Читаем Ваксберг А.И. Моя жизнь в жизни. В двух томах. Том 1 полностью

Дима Сидур, уже тогда бородатый — борода скрывала лицевую рану, которой его, солдата, наградила война, оставив в теле еще несколько осколков, — пил понемногу вместе со всеми, но уже был как бы отдельным, чуть-чуть поодаль, улыбчатый, немногословный, предпочитавший умную речь беззаботному трепу. Именно он был гидом по мастерской — объяснял, что и почему воплощено в той или другой отесанной каменной глыбе, или пока в заготовке, или только в замысле — случалось, даже еще не пластичном, а всего лишь литературном, то есть невидимом, но поддающемся объяснению.
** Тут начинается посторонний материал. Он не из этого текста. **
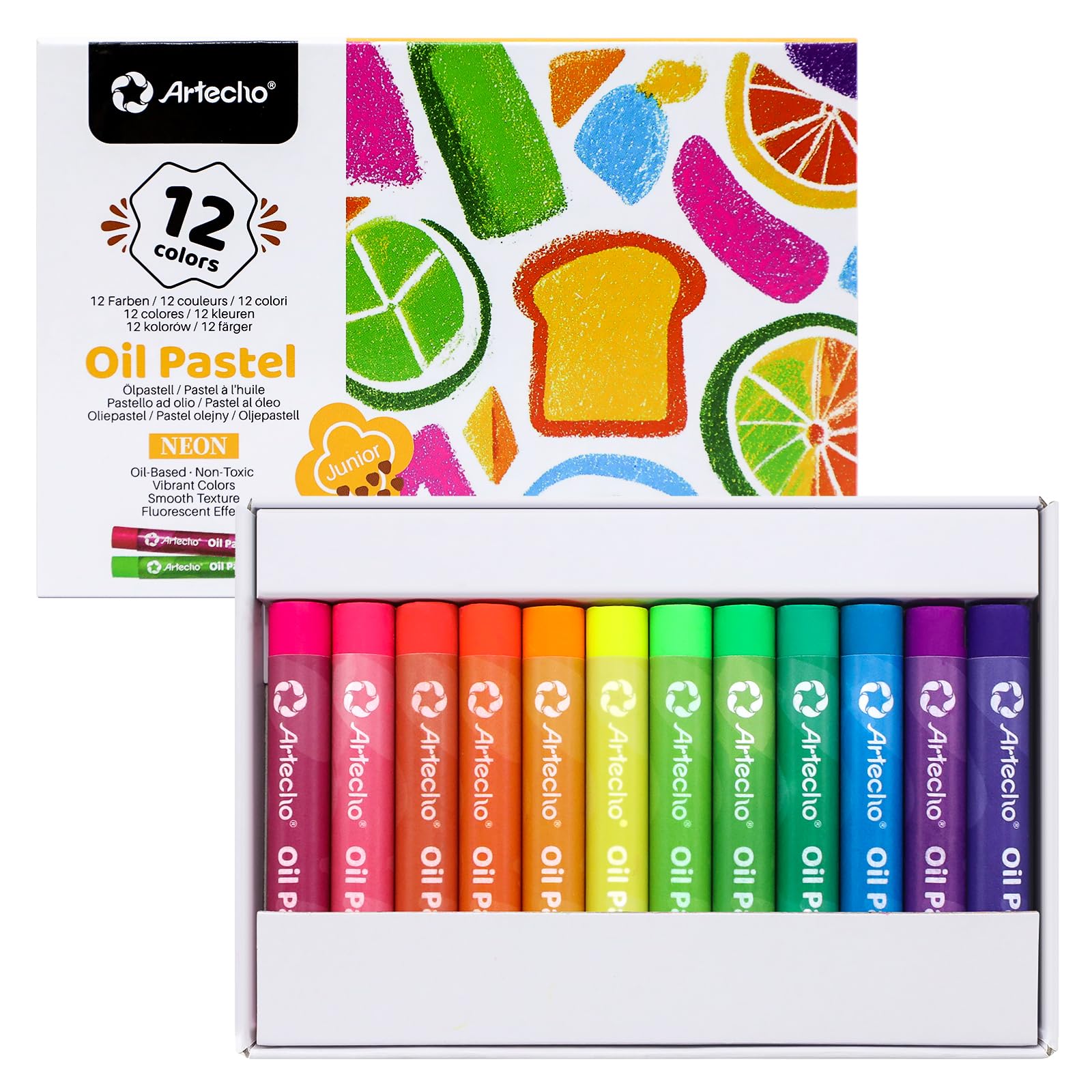 Oil Pastel Set 8mm #Size_12 Colors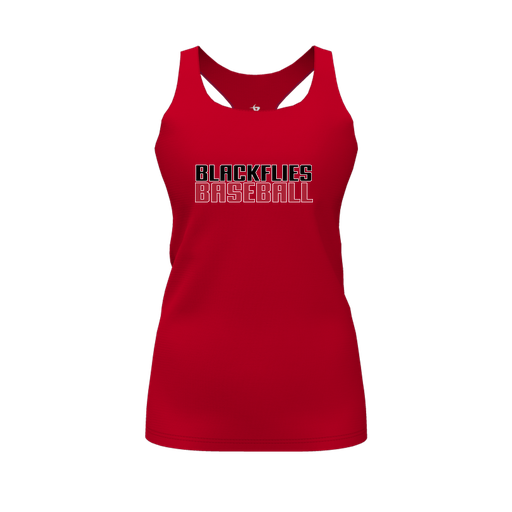[CUS-DFW-RCBK-PER-RED-FYS-LOGO2] Racerback Tank Top (Female Youth S, Red, Logo 2)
Его подруга Юлька, вскоре ставшая женой и навсегда оставшаяся верной его огромному таланту и огромной духовной силе, ни от кого не скрывала своей влюбленности, да и не могла скрыть, — ее беспощадно выдавали глаза. Свою краску в подвальную атмосферу вносила и тогдашняя подруга Володи, — он чуть снисходительно, но не обидно называл ее «шмокодявка»: молоденькая красавица с длинной косой, она вскоре стала женой известного критика.
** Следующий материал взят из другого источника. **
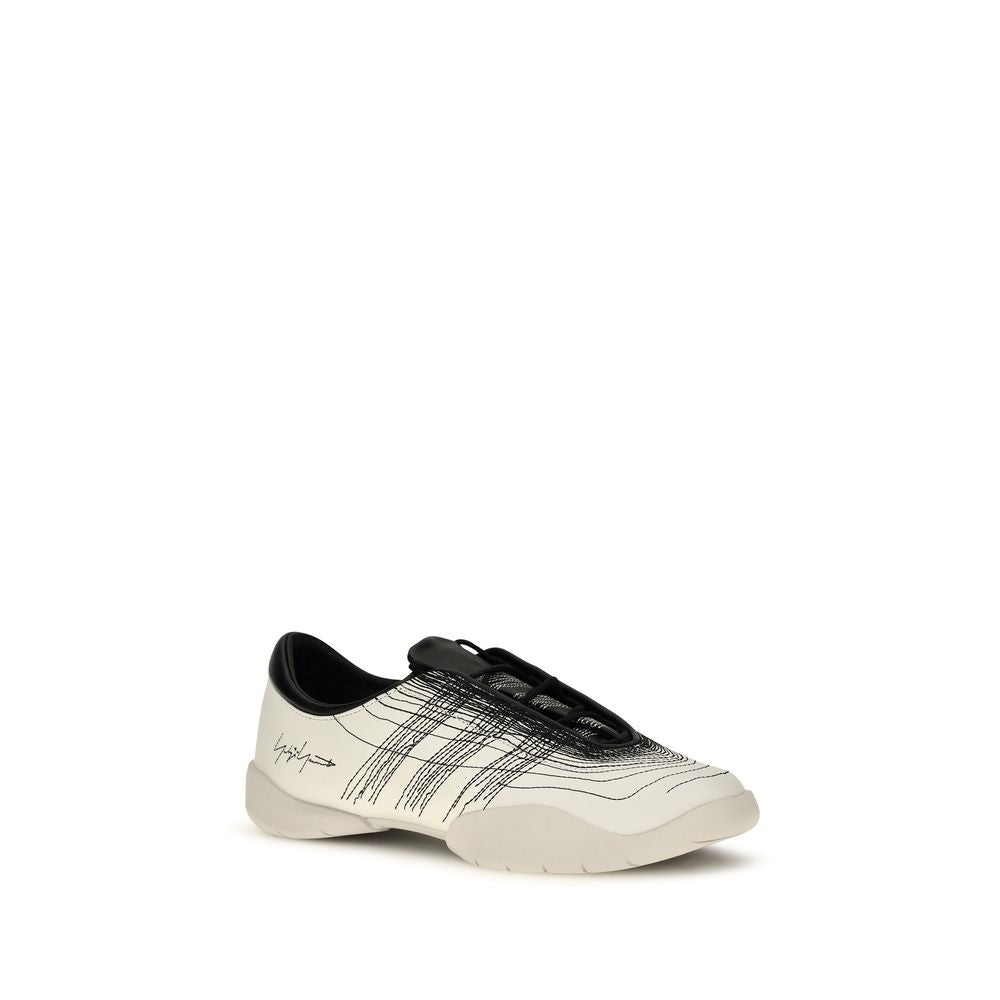 Beige Calf Leather Bos Taurus Sneakers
Помощь, в которой нуждались три скульптора, — не просто совет, а именно помощь, — была им оказана незамедлительно. Я считался тогда добрым гением авторов, чьи права были попраны властью в лице лучших ее представителей: министерских или издательских самодуров. За какой-то грандиозный барельеф, который ребята сделали по заказу, чиновники отказались платить, вдруг сочтя гонорар, предусмотренный договором, слишком высоким: проведя запоздалую калькуляцию, они обнаружили, что общая сумма, разделенная на троих и на время работы над барельефом, превышает «среднемесячный заработок высокооплачиваемого советского служащего». Так и было — с чарующей глупостью — сказано в официальной бумаге: аванс, который скульпторы уже получили, был, по мнению запоздало спохватившихся чиновников, и без того слишком высокой платой за проделанный труд.
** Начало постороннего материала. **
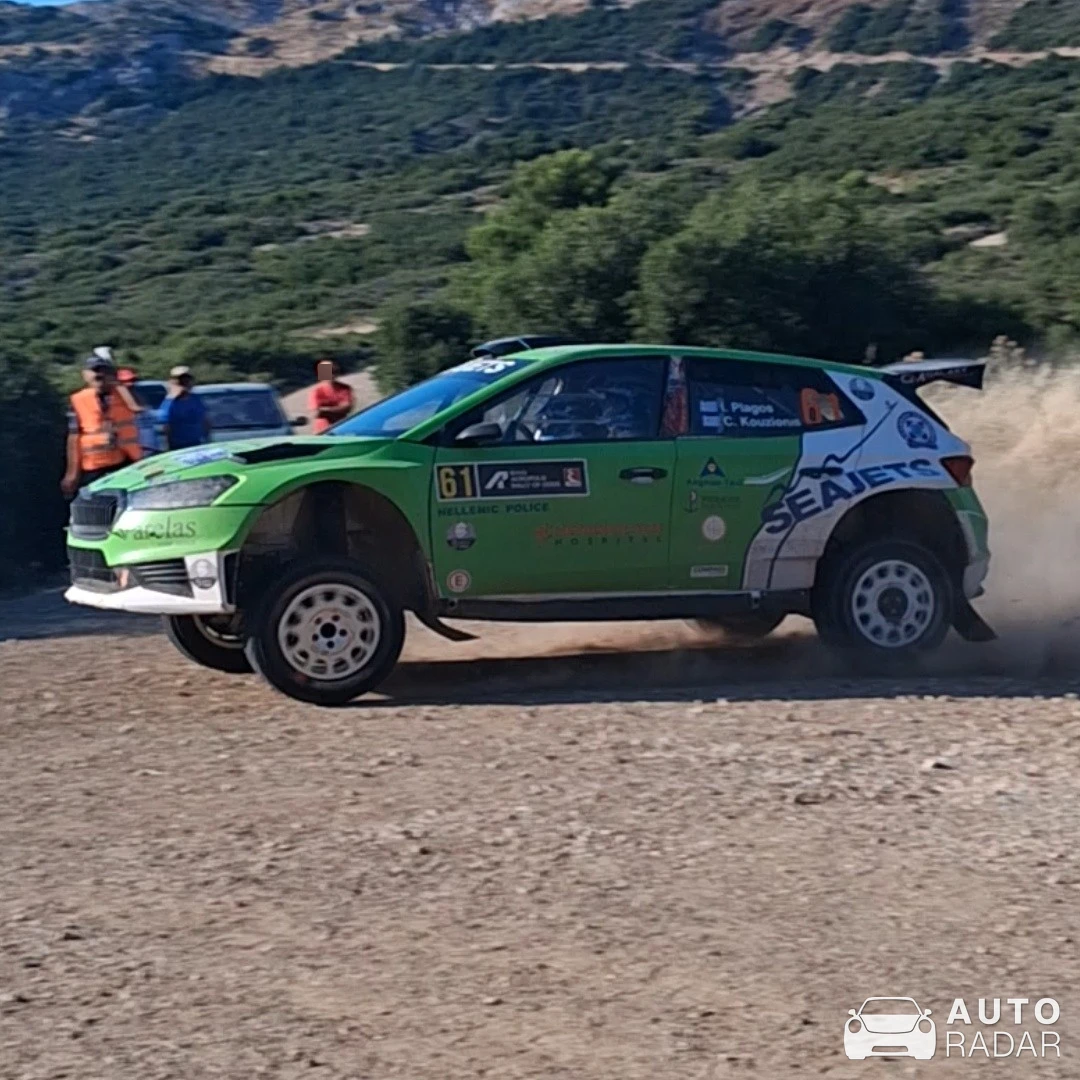 Škoda Fabia RS Rally2 spotted in Neochoraki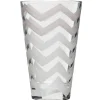 Gifi Verre à orangeade design géométrique chevron blanc Online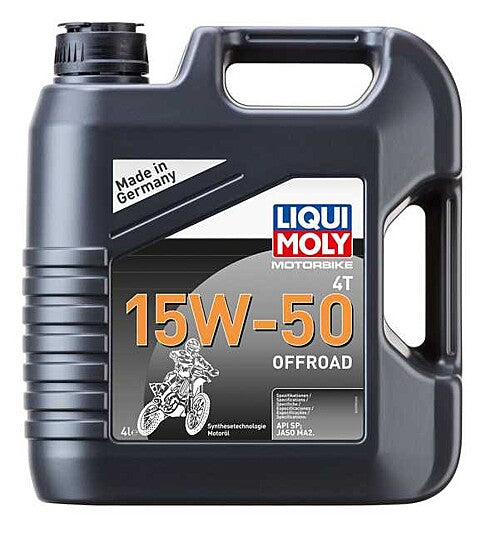 Motorbike 4T 15W-50 Offroad Synthetic Technology 4L - LIQUI MOLY | Universal Auto Spares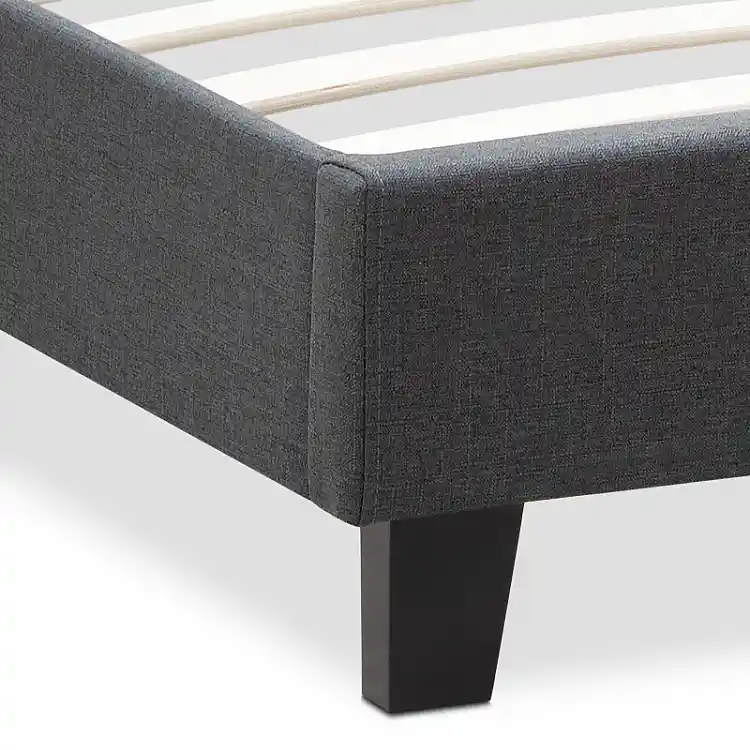Κρεβάτι Flat Megapap υφασμάτινο χρώμα ανθρακί 150x200εκ. | GP002-0010,2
К тому времени мне пришлось провести в суде не одно так называемое авторское дело. Многотысячные гонорары действовали на судей, как красное на быка, — за несомненно принадлежавшее автору вознаграждение иногда приходилось воевать месяцами. Доводы логики, юридическая аргументация оказывались бессильными там, где главенствовало истинно «социалистическое правосознание»: и так с жиру бесятся — перебьются! Так что глупость и подлость чиновников вполне могли одержать верх над законом: у чиновников и у судей были общий язык и общая кастовая мораль. У нас с ними общего — не было ничего.

На этот раз судья попался не из самых дремучих. Я рассказал на процессе известную байку — о том, как ответил великий художник на вопрос, сколько времени писал он свое полотно: «Всю жизнь и еще одну ночь». Судья улыбнулся — это был хороший знак. Мы с Димой переглянулись: он тоже почувствовал, что в судейской улыбке таится надежда. Так оно и вышло. Иск удовлетворили, ответчик даже не счел нужным решение это обжаловать. Еще несколько недель, и мы могли уже налить в наши мензурки ту жидкость, что была куплена на отыгранный гонорар.

Из участников обмывания помню только Бориса Слуцкого: тут мы с ним и познакомились. Он сидел рядом со своим скульптурным портретом, мастерски высеченным из глыбы серого гранита. Поражало не только портретное сходство, но и точно воссозданный психологический портрет прототипа: суровость, духовность, углубленность в себя. Молчаливый, насупленный, со сдвинутыми бровями и пронзающим взглядом, живой — не изваянный — Слуцкий пил вместе со всеми, но не водку — вино. В трепе участия не принимал, хотя было видно, с каким неподдельным вниманием он слушает всех и все, включая самое откровенное балагурство.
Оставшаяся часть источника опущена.